Recorded information >>
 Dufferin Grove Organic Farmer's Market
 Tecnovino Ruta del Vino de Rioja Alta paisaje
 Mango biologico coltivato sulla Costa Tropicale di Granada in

==

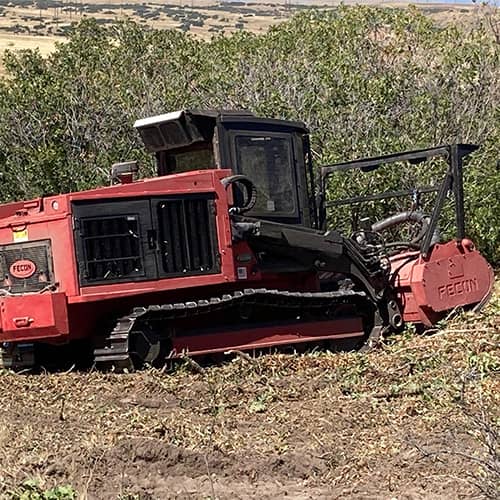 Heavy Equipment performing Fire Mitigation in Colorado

--

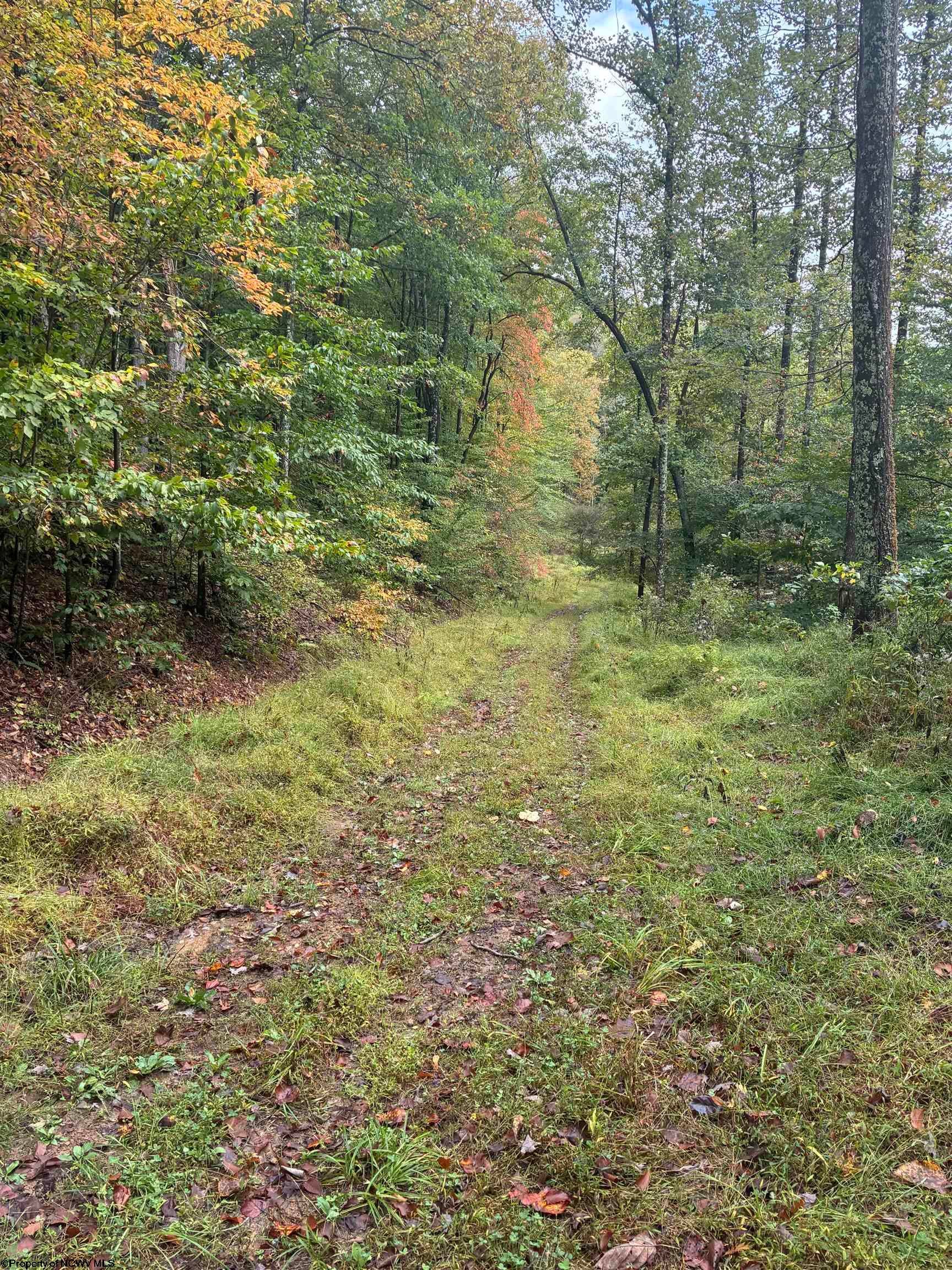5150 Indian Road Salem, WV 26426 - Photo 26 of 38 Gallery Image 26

Your instructions >> In the entries above, the lines from the one bearing "Dufferin Grove Organic Farmer's Market" up to and including the one bearing "Mango biologico coltivato" should be transcribed exactly; no other line is wanted.

Answer to this problem >>
 Dufferin Grove Organic Farmer's Market
 Tecnovino Ruta del Vino de Rioja Alta paisaje
 Mango biologico coltivato sulla Costa Tropicale di Granada in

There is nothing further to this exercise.